4 min read

Weighty matters

During irregular midwinter visits to the apiary you need to check if the hive entrances are clear and to determine whether the colony has sufficient stores for the remaining winter. The rate at which stores are used depends upon the number of bees in the colony, the strain of bees, the temperature and whether they’re rearing brood or not.

The apiary in winter ...

The apiary in winter …

The easiest way to ‘guesstimate’ the level of stores is to gently lift the back of the hive an inch or two, and to judge the effort required. Beekeepers call this ‘hefting‘ the hive. Colonies should feel reassuringly heavy. After all, you’re only actually lifting half the weight of the hive – the front remains on the hive stand – and if that feels light it might indicate a problem.

Be gentle

The hive will be full of torpid bees on a freezing cold winter day. On really cold days the wooden floor of the hive might actually be frozen onto the stand. Don’t force it and jar them. And if you can gently lift one side, don’t just drop the hive back onto the stand afterwards. Ideally you want to judge the weight of the colony without the bees being disturbed at all.

Be gentle ...

Be gentle …

However, judging the weight takes experience. Is it a lot less than last week? Is it less than it should be? In the picture at the top there are 5 hives, only two of which (those on the closest stand, and above) are comparable. You can’t easily compare hives if you have only one or if they’re not made of the same material.

But that doesn’t mean you shouldn’t try. Over time you will get experience for what feels OK, and what feels a bit light.

And if any do feel dangerously light then you need to intervene and give them more stores – in the form of fondant – as soon as possible. At least, you need to intervene if you don’t want to risk them starving to death. I’ll discuss topping up the fondant in a future post.

Technology to the rescue

You can get a much better insight into changes in the weight of a colony by, er, weighing it. Luggage weighing scales are widely available, cheap and accurate. With a little ingenuity you can fashion a means of attaching them to the side of the floor.
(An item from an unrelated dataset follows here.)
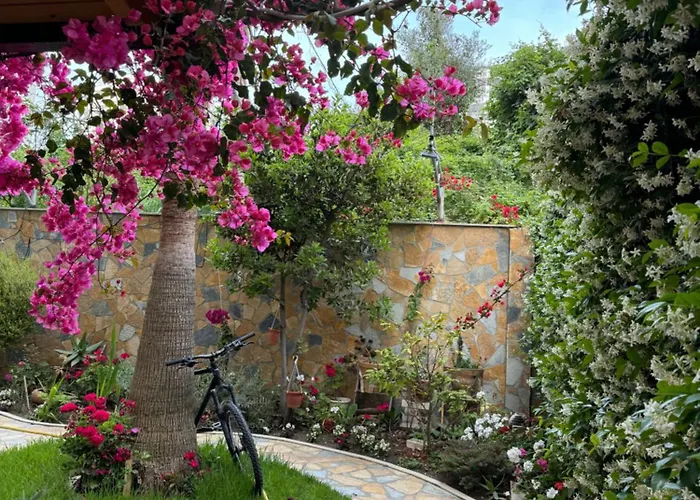 招待所 Guest Angolo Toscano 3*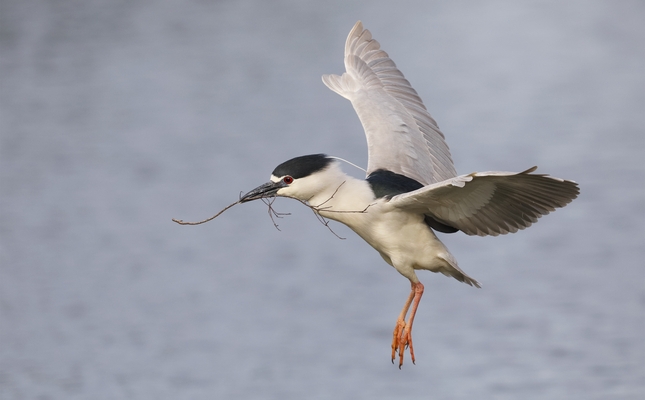 Martinet de nit (‘Nycticorax nycticorax’)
I drilled a 6mm hole through the side runners of the floor and securely tied an eye bolt to some strong polypropylene attached to the scales.

In a similar way to hefting a hive, lift each side carefully, but this time note the weight and add them together. It’s helpful to use scales which automagically record the maximum stable weight. Note the weight down in your hive records and see how it compares over time.

As before, be gentle with these colonies in winter. Don’t go bouncing them up and down. The bees will not appreciate it. With care you can weigh the colony and barely disturb them at all.

What? You want even more accuracy and even less work? Look at the hive monitoring equipment from Arnia (defunct?), SolutionBee or others. These use under-hive scales hooked up to a mobile phone to upload weights (and lots of other data) for analysis from the comfort of your armchair.

At a price 😯

Frugal bees are better bees

Different strains of bees use their winter stores at different rates. ‘Black bees’ (Apis mellifera mellifera, or Amm) are well known for being frugal. In contrast, some Italian strains chomp through their stores like there’s no tomorrow (and if you don’t feed them, there won’t be).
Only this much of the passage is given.